Scope and Content Note
The papers of James Harrison Wilson (1837-1925) span the years 1861-1923, with the bulk from the period 1890-1915. Included in the collection are correspondence, letterpress copy books, letterbooks, business papers, speeches, articles, books, newspaper clippings, a scrapbook, and poems by the sculptor James Edward Kelly. The collection is organized in five series: General Correspondence ; Letterpress Copy Books ; Letterbooks ; Book, Article, and Speech File ; and Subject File .
The General Correspondence series forms the bulk of the collection, documenting a portion of Wilson's life and dealing with subjects such as the Civil War, railroad affairs, politics, foreign policy, the Spanish-American War, Cuban affairs, and the China Relief Expedition of 1900. A large amount of the correspondence deals with Wilson's writings and business ventures.

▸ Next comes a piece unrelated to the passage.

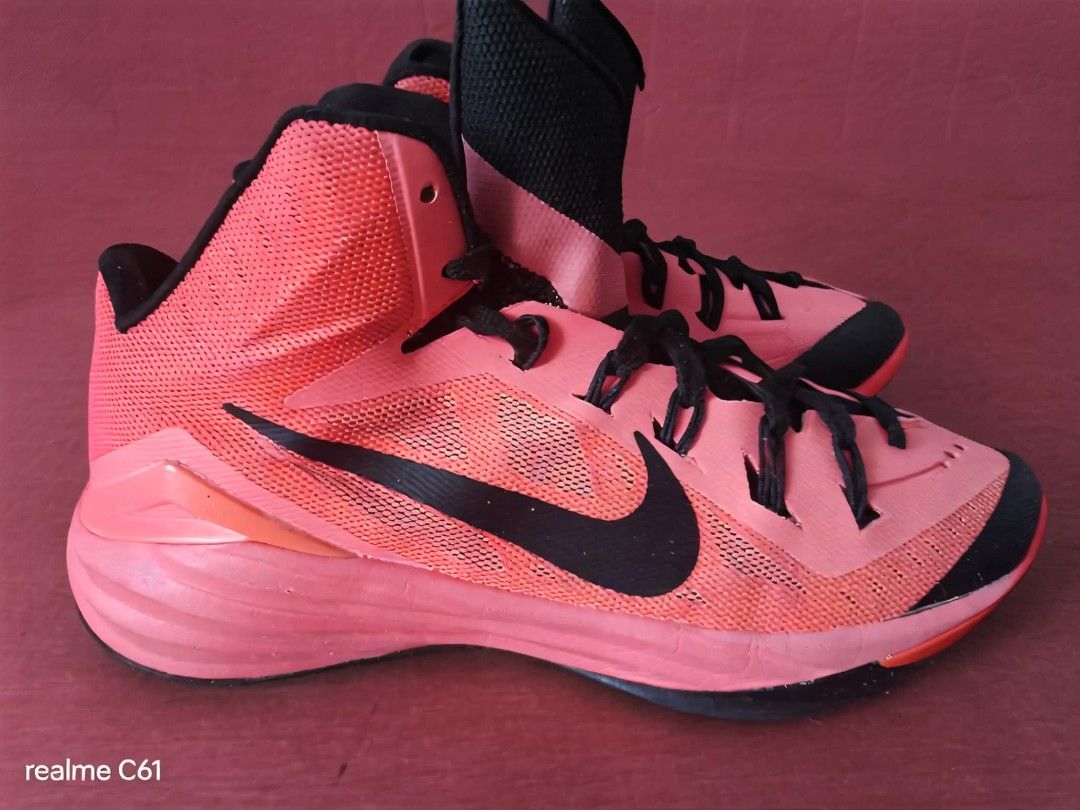 Nike Hyperdunk Pink Black Basketball Shoes (Category: Sneakers) located in Caloocan City. Submitted by donflorald57310 (Listing ID 1446401422, Image 1). Description: - Nike Hyperdunk basketball shoes - Bright pink and black colorway - High-top design for ankle support - Lace-up front - Durable rubber sole for traction - Suitable for basketball or casual wear - Shows some signs of wear, but plenty of life left -no box.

Much of the correspondence is with political figures and military officers. Correspondents include Charles Francis Adams, Adam Badeau, Simeon E. Baldwin, Tasker Howard Bliss, Andrew Carnegie, Henry Clark Corbin, E. H. Crowder, Shelby M. Cullom, Charles A. Dana, Grenville Mellen Dodge, Stuyvesant Fish, Hamlin Garland, Frederick John Kingsbury, Robert Todd Lincoln, Henry Cabot Lodge, William McKinley, John Bassett Moore, George Haven Putnam, Whitelaw Reid, Theodore Roosevelt, Elihu Root, Francis Lynde Stetson, Moorfield Storey, Oswald Garrison Villard, Paul M. Warburg, Horace White, and John Russell Young. An especially large amount of personal and business correspondence is with Edward Francis Winslow, Wilson's comrade-in-arms and business associate on railway construction and operations of the St. Louis and Southeastern Railway Company.
In the Book, Article, and Speech File are drafts and typescripts of a number of Wilson's writings, including his Life and Services of William Farrar Smith (1904), The Life of Charles A. Dana (1907), and The Life of John A. Rawlins (1916). The file also includes extracts of Rawlins's letters. Under the Old Flag (1912),Wilson's memoirs, appears in many incomplete drafts, one set with corrections and suggestions by Bluford Wilson, the brother of the author. The papers also contain several unpublished manuscripts, including the incomplete “Heroes of the Great Rebellion.”